The Shame of the Product Placers

Date: 2015-10-26 21:08:13 // Categories: Advertising, Trends,
By: Emily Goldenberg
Date: 2015-10-26 21:08:13 // Categories: Advertising, Trends,

If the advertising industry wasn’t already crammed with ill-advised commercials on smartphones and tablets, we now have to navigate a fractured market rife with challenges like streaming TV, illegal downloads, and even a device created to skip commercials. And when you happen to watch TV the “traditional” way, you might be too distracted by Instagram, Tinder, etc., to actually pay attention to the commercial break.

But just like leggings and Donald Trump, TV advertising always finds a way to stick around. Interestingly enough, the latest technique to get consumers to pay attention is actually one of the oldest tricks in the book—product placement.

Ugh. Seriously, nothing ruins a good show like a bad promotional plug. Let me introduce into evidence the classic car tie-in. Picture this: One of your beloved characters gets behind the wheel of a brand new car. A car you know he could never afford, or wouldn’t be caught dead in. It doesn’t just take you out of the moment—it makes you resent the show for compromising the character’s integrity. Yeah, I’m sure badass Cookie Lyon on FOX’s Empire would really choose to drive around in a fuddy-duddy Lincoln sedan. Sorry, Matthew McConaughey, I’m not smoking whatever you’re smoking.

What bothers me the most? That the lazier acts of product placement aren’t even necessary. For example, I’ve read endless accounts of how much high-tech product placement can be found on Netflix’s House of Cards—but they integrate the devices into the storyline so seamlessly, I don’t even notice. Consciously, at least.

And if you can’t find an organic way to feature products, why not be honest about it? When The Late Show with Stephen Colbert premiered last month, Colbert did a shameless plug for Sabra Hummus. He explained that in exchange for getting to host the show, he made a deal with “an evil entity” that included “certain regrettable compromises”…the first being a shout-out to Sabra Hummus. But Colbert didn’t just plug Sabra: He was in on the joke, hemming and hawing, “no, not on the first night, it’s too soon!” He didn’t disrespect the intelligence of his audience with a half-hearted attempt at product integration. And I applaud him for it.

Alas, these types of smart (and tolerable) product placements seem to be the exception, not the rule.
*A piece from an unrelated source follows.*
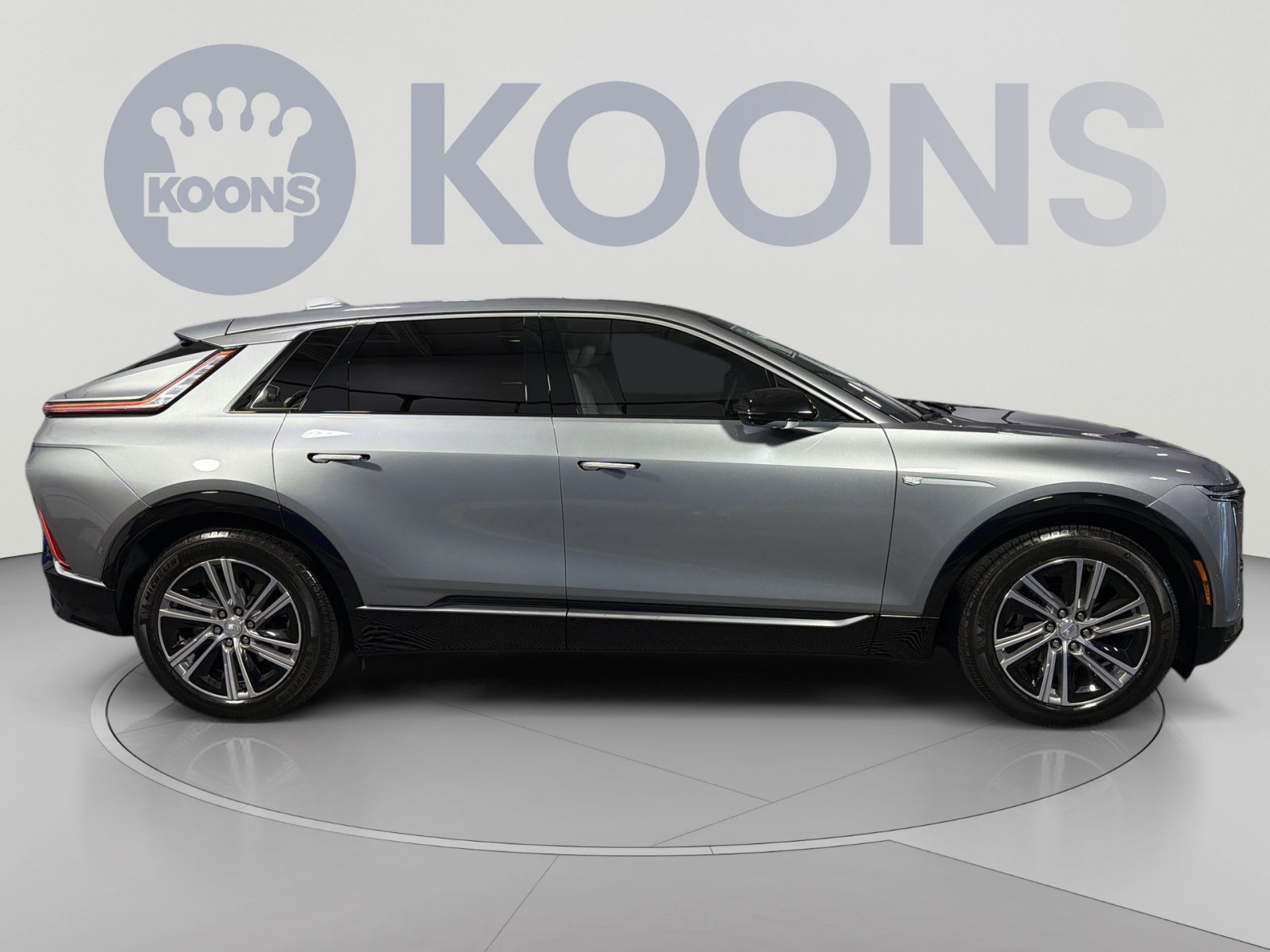 Used 2024 Cadillac Lyriq Luxury AWD/4WD image 8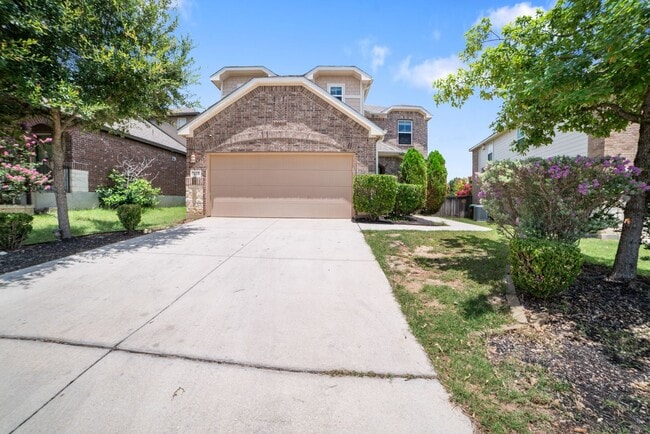 Building Photo - Gorgeous 4 Bed/ 3Bath house for rent! Avai...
But other shows better take note. Because soon, I’ll stop fast forwarding through the commercials and change the channel completely. And the reality is, I’m not alone. Consumers are already conditioned to bypass advertising—it’s only a matter of time before they find a way to avoid watching it in their programs, too.

Now excuse me, I have to go satiate my inexplicable desire for Sabra Hummus.